Fourth-grader Hank Wolowitz is having a tough year. His best friend moved away just before the start of the school year, his family has money troubles, and he is being bullied at school by a classmate who steals all the best parts of his lunch every day. He knows that he sometimes has an “overbusy” imagination, but he is quite sure that he isn’t imagining that a small, furry, invisible animal is living in his laundry basket. This animal calls itself Inkling, says that it’s an endangered bandapat from Peru, (or Ukraine, or Ethiopia, depending on what day it is), and that it traveled to Brooklyn in search of squash. When Hank rescues the creature from the neighbor’s dog, Inkling decides that he owes him his life, and that he can’t leave until he repays the debt. And Hank can certainly use a friend. His growing relationship with Inkling helps him face many issues, but the situation with the classroom bully continues to deteriorate. When Hank can’t get any help from the indifferent lunchroom aides, his oblivious teacher, or his pacifist parents, Inkling decides that solving the problem for him will be a way to repay his debt.
With its quick pace, engaging narrator, and quirky story line, this humourous tale is sure to please. Kids will certainly identify with Hank, who just wants to get through his school days peacefully. Aside from the invisible animal aspect, the story feels utterly realistic, and deals with situations faced by students every day. While as a teacher, I am uneasy with the treatment of bullying in the book, and in particular by the lack of reaction by Hank’s school regarding the bullying issue, I feel the portrayal given is both realistic and all too often accurate. The book avoids the too pat resolution of Hank’s problem being solved by the bully’s reformation, and takes a more realistic approach. Particularly satisfying at the end is Hank’s growth, when he recognizes that he can take positive action regarding some of his problems, and he assumes the responsibility of working in his parents shop. Inkling’s decision to stay with Hank leaves room for sequels, and, as the book says, when you have an invisible friend “anything can happen next.” Overall, this is an enjoyable story that will have readers happily hoping for more.
Recommended by: Linda Lucke, Learning Center Director, Illinois, USA
“My hand finally hits quivering fur and I can feel Inkling, shaking and limp, squeezed between two bins of granola. I’m so relieved I want to cry, but instead I pick him up. He crawls slowly onto my back, moving as if he’s bruised all over.”
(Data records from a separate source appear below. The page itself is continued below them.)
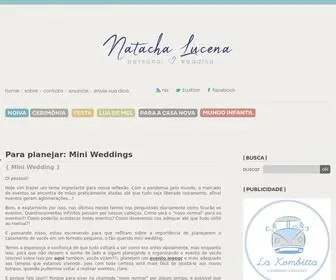 Natachalucena.com(Natacha Lucena) Screenshot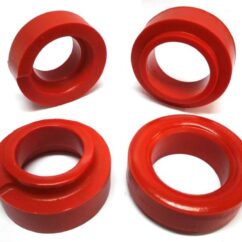 PODKŁADKI NAD SPRĘŻYNY KOMPLET 4szt NISSAN Y60 y61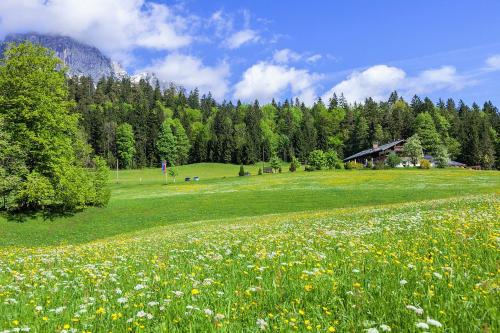 Appartements Gasthof-Ferienwohnungen Dürrlehen Almbachweg 17 Berchtesgaden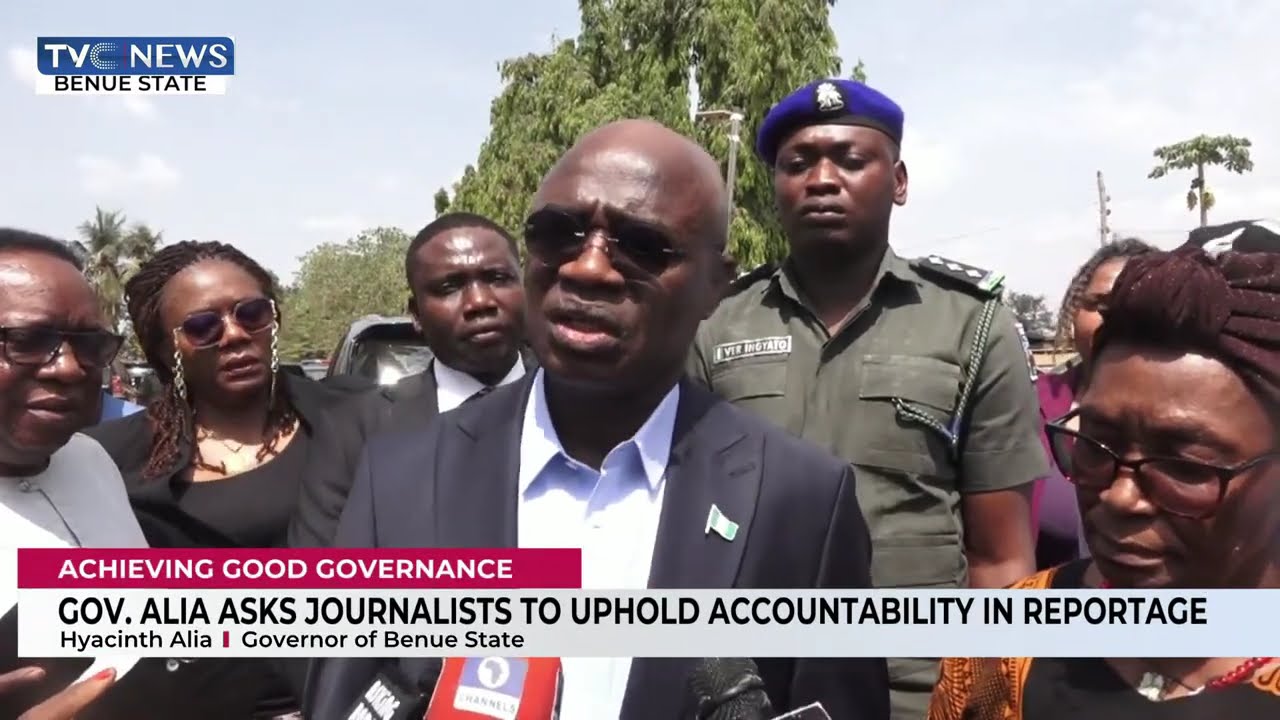 Gov. Alia Immortalizes Dan Agbese by Renaming State Publishing Firm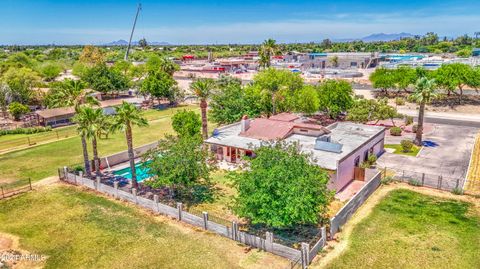 A home in Gilbert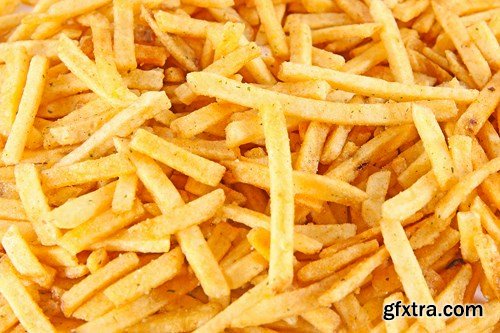 French Fried Potatoes - 16x UHQ JPEG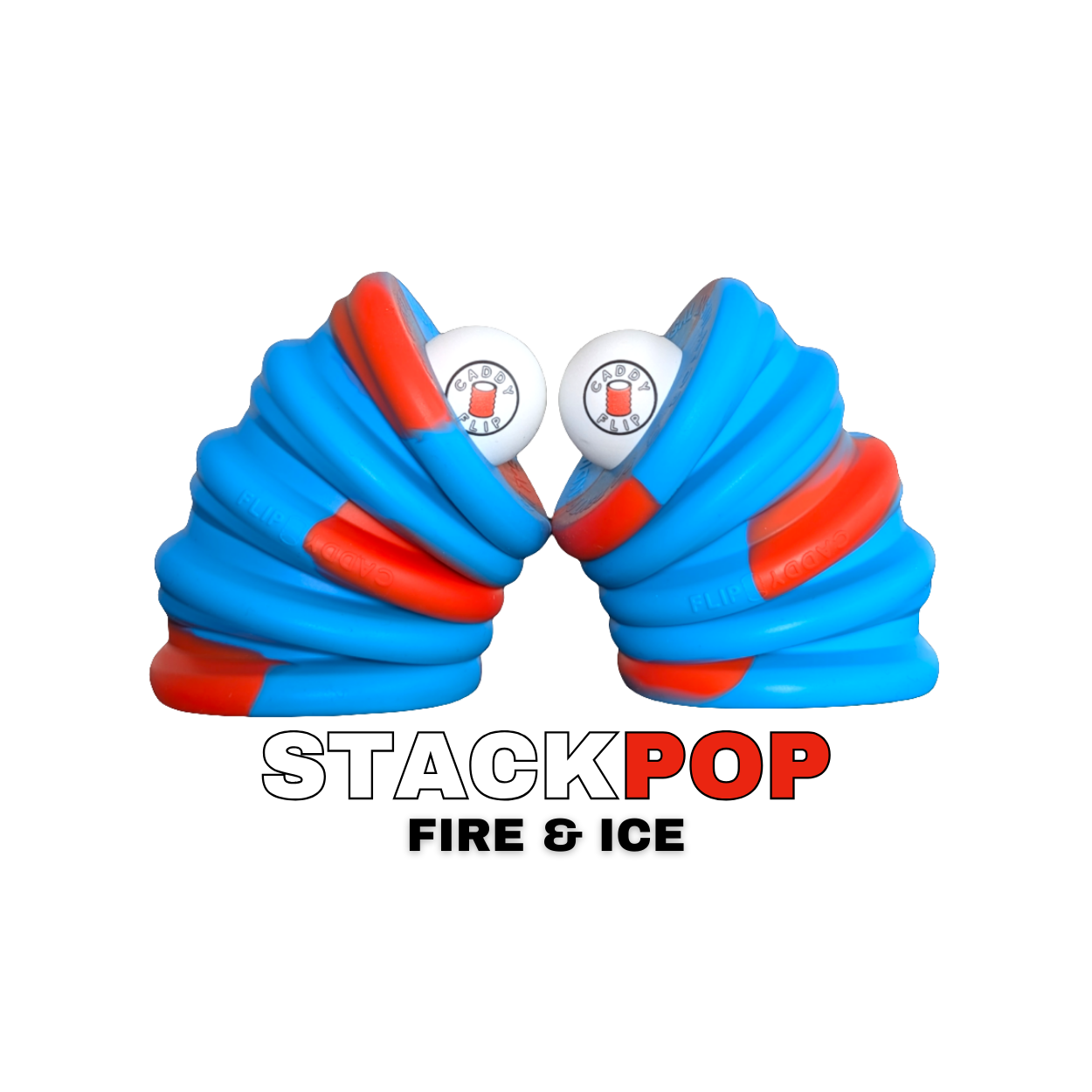 Stackpop Table Game (Mixed Colors)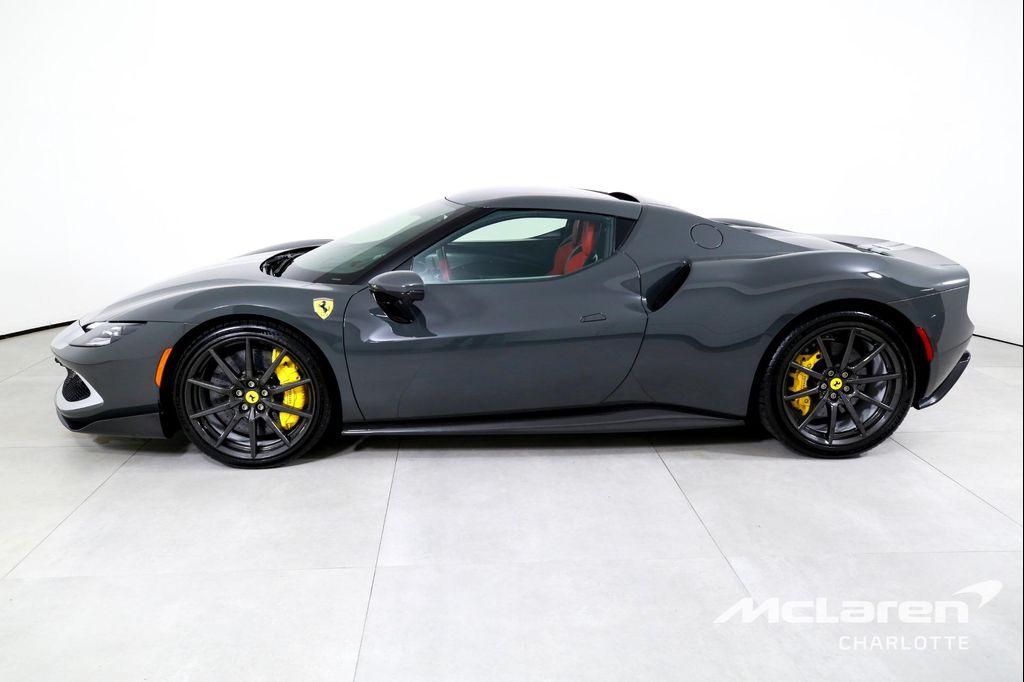 used 2022 Ferrari 296 GTB car, priced at $319,996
On a hot sticky Labor Day weekend, Hank discovers an invisible bandapat in his parents’ ice cream store. He isn’t really sure he felt the furry invisible thing until later when he saves the bandapat, Inkling, from a neighbor’s dog, who can smell but not see Inkling. Inkling would stay in Brooklyn if only to pay back Hank for saving his life, and if he can get some squash to eat. Now Hank has an invisible, not imaginary, friend who owes him a favor. Which Hank is going to need because Bruno Gillicut keeps taking part of his lunch. Hank solves his bully problems and his friendship problems, with the help of invisible Inkling. This is an entertaining story about facing bullies, even if you need the help of an invisible friend.